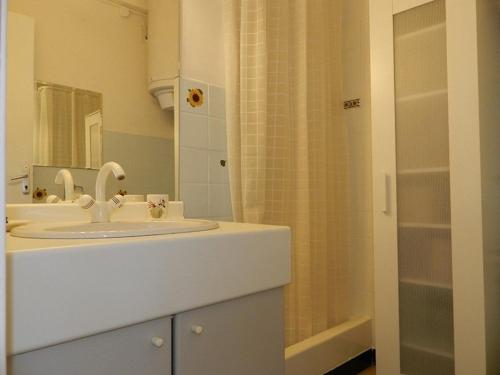 une salle de bain avec un lavabo blanc et une douche dans l'établissement Studio avec terrasse et parking au Lavandou, accès direct plage - FR-1-251-804, au Lavandou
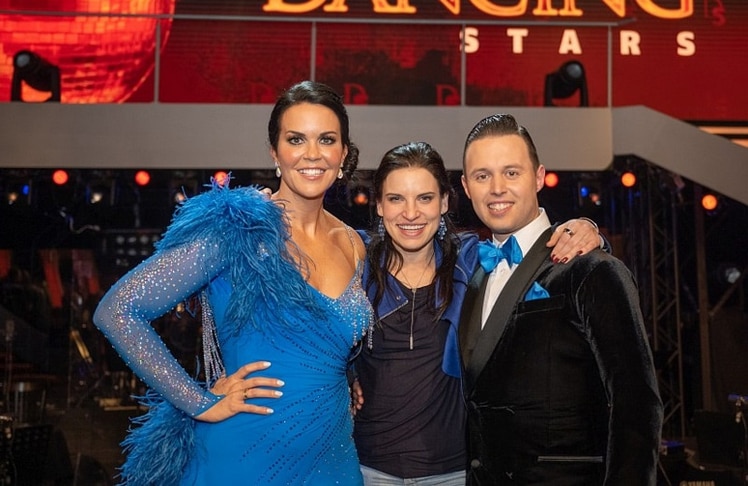 Martina Reuter und Nikolaus Waltl hier mit Conny Kreuter (Mitte) mussten die Show als erstes Tanzpaar verlassen. © LEADERSNET/R. Brunhölzl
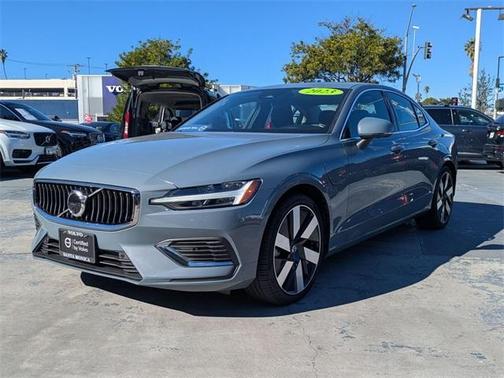 2023 Volvo S60 Recharge Plug-In Hybrid T8 Ultimate Bright Theme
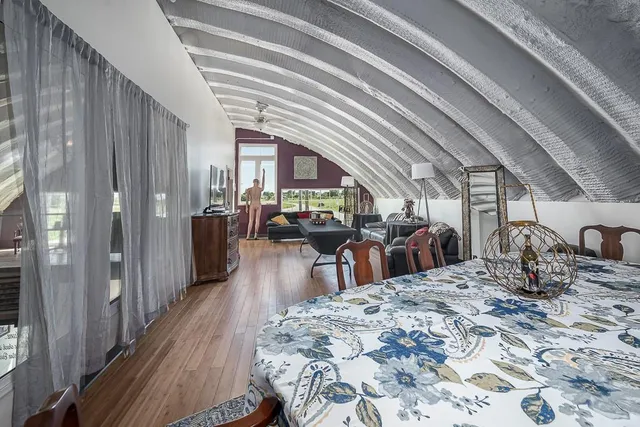 $2,950,000 | 24305 Loring Road, Lawrence, KS 66044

Task to complete: The lines from the one containing "Martina Reuter und" through the final line of the data are to be repeated exactly, with both ends included and all pictures left out.

Output:
 Martina Reuter und Nikolaus Waltl hier mit Conny Kreuter (Mitte) mussten die Show als erstes Tanzpaar verlassen. © LEADERSNET/R. Brunhölzl
 2023 Volvo S60 Recharge Plug-In Hybrid T8 Ultimate Bright Theme
 $2,950,000 | 24305 Loring Road, Lawrence, KS 66044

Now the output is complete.